Boualem Sansal n’engage évidemment pas ses lecteurs à mépriser la Culture au nom de ce ramassis d’icônes que représentent les visages offerts sur les affiches du souk. Mais il invite à une compréhension et une bienveillance sans paternalisme vis-à-vis de ces jeunes gens certes « incultes » mais mus par des aspirations bien plus courageuses que celles qui ancrent des Lamia et censeurs dans les rets de l’habitude, de la résignation, d’une fatalité mortifères- et pourtant essentiels, car ils sont les garants de la survie du pays, ils sont ceux qui restent et subissent pour que le pays continue d’exister pour tous ceux qui en sont partis.

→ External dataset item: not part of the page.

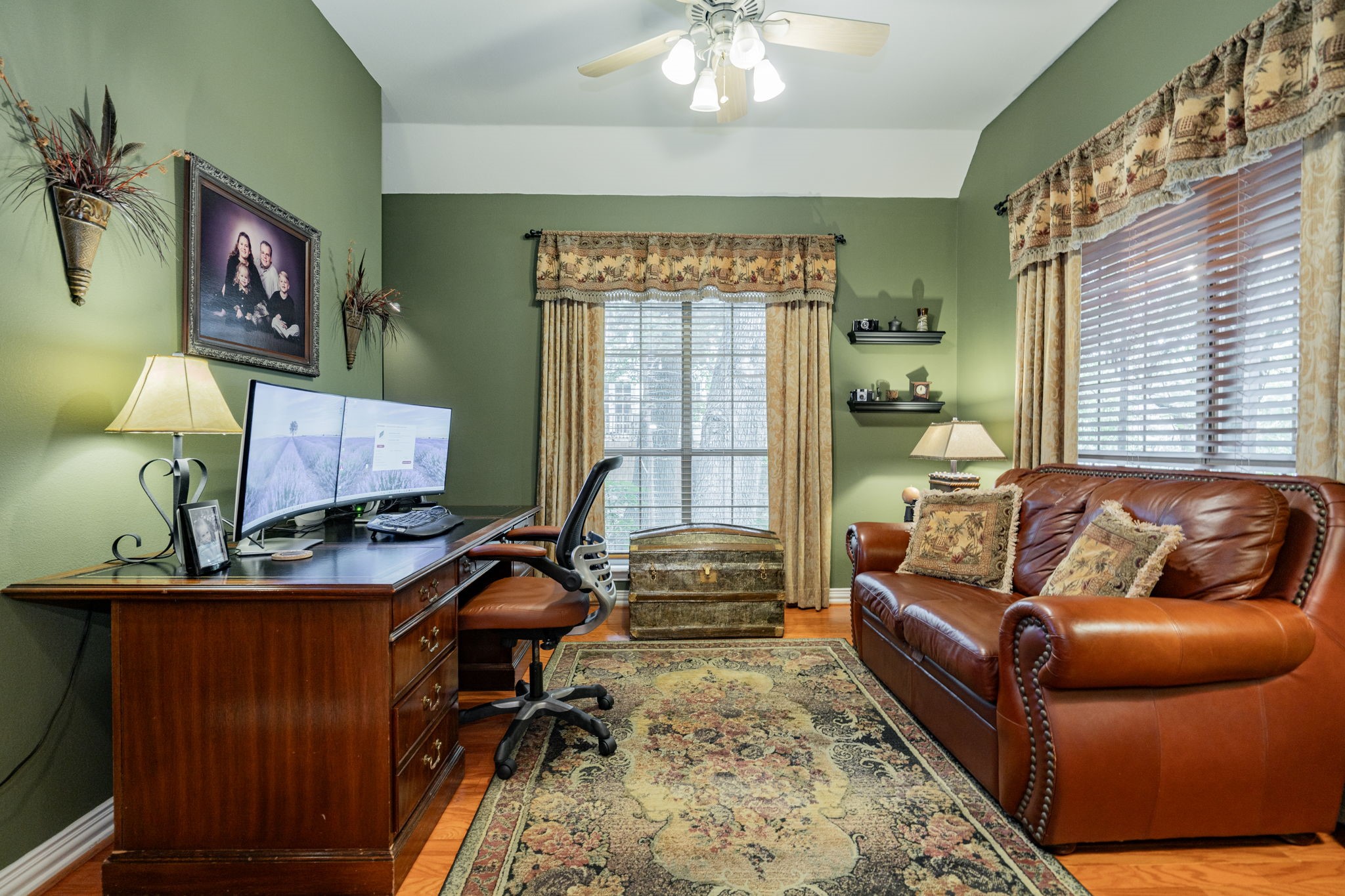 1205 Cedar Ridge Road W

Femmes d’Alger dans leur appartement

Lamia fait partie de ces femmes arrimées au port, mues par un mélange de générosité et de résignation, d’espoirs flétris et de rêves de jeunesse qu’un souffle peut encore ressusciter, qui peuplent les pages de la littérature algérienne contemporaine. C’est la voisine mélancolique qui guette le passage du narrateur dans Sommeil du mimosa, c’est la mère des enfants partis depuis longtemps qui contemple les infimes traces de vie dans la propreté immaculée d’un appartement clos dans les nouvelles de Hajar Bali.

Mais cette résignation apparente masque un profond courage, celui de rester quand tout le monde part, et de résister à la dépression et à l’absurde. Notamment par l’arme du regard porté sur la vie, empreint d’ironie et d’humour, de tendresse satirique, et d’un rythme trépidant.

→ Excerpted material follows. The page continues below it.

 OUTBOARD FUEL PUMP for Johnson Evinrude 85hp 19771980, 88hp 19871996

C’est ce langage qui caractérise le roman, et permet de sortir de la pathétique litanie des malheurs de l’Algérie au profit d’une gaieté amère, donnant force et courage à Lamia et aux femmes qu’elle incarne. La dérision permet de tenir debout dans le marasme ambiant des départs répétés.

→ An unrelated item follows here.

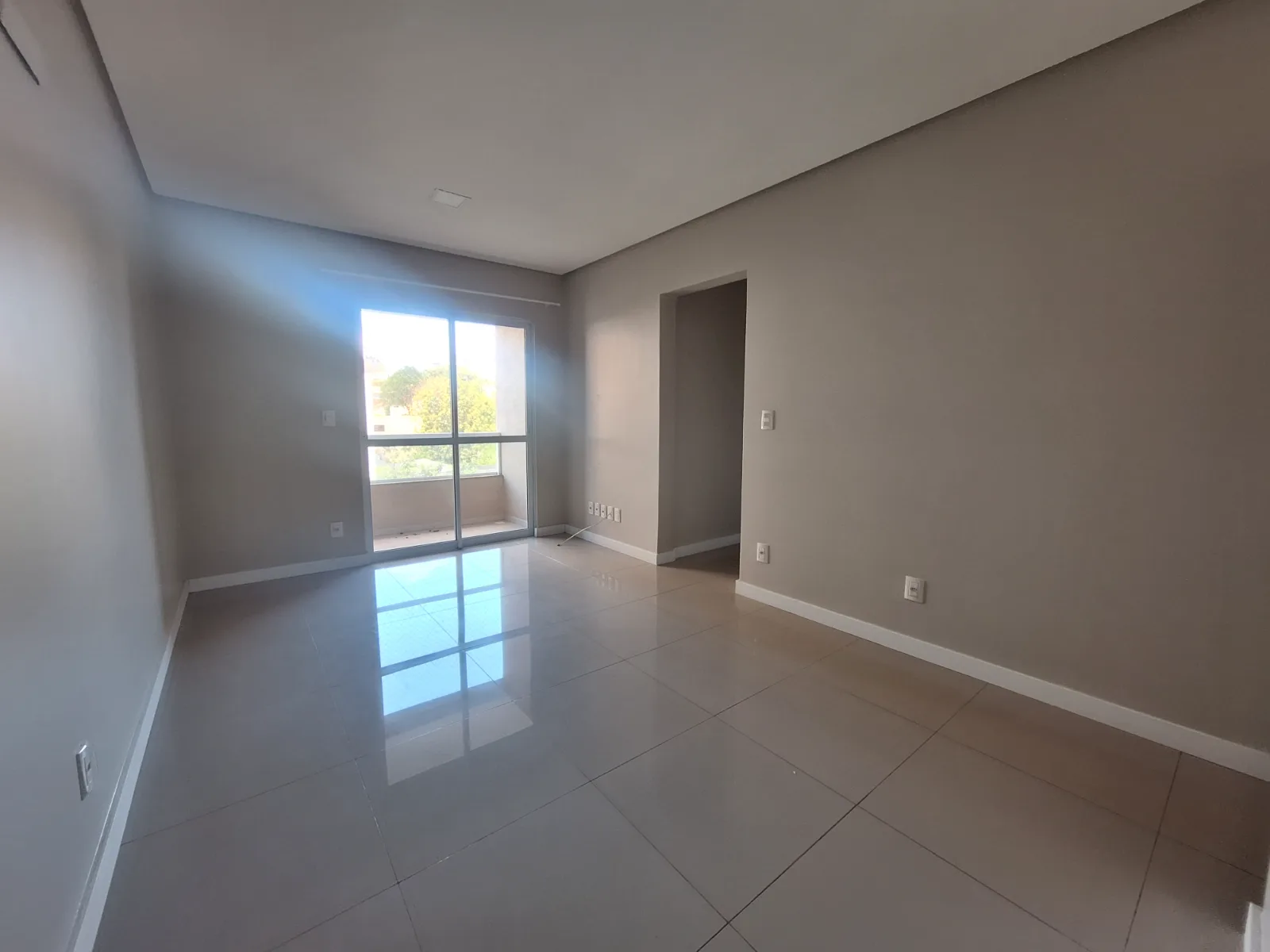 Apartamento 1 suíte para alugar no Jardim Itália em Chapecó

Ainsi lors de ce récit du mariage de Louiza, signant son destin d’enterrée vivante :

p. 47 : « La noce fut un enterrement de lépreux. Sous les habits de clochard des villes inoffensif et superflu se dissimulait un fanatique hyperdangereux, il ne voulait ni liesse ni fantaisie. La bave aux lèvres, il nous a bombardés de versets du Coran et de promesses funestes puisées dans le manuel du parfait terroriste. Le contexte appelant la lâcheté, les hommes prirent des airs de fiers-à-bras et se mirent à déclamer des sourates comme des kamikazes. Depuis, traumatisée, je me pose la question : l’islam fabrique-t-il des croyants, des lavettes ou des terroristes ? La réponse n’est pas simple, les trois peuvent être d’excellents comédiens. »

Ce regard plein de dérision et d’acuité dénonce avec force les engluements d’un pays qui se vide non seulement de ses jeunes, mais de l’espoir qui leur permettrait de rester. En même temps qu’il célèbre le courage de « celles qui restent », il exalte la fièvre des « brûleuses de route », des Cherifa frivoles et boudeuses qui donnent dans la tourbe fourmillante de grands coups de pied pour ébranler l’ordre d’une société exsangue –et pourtant maternelle, matricielle, dont le plus lointain exil ne coupe pas le lien infrangible de la mère à son enfant.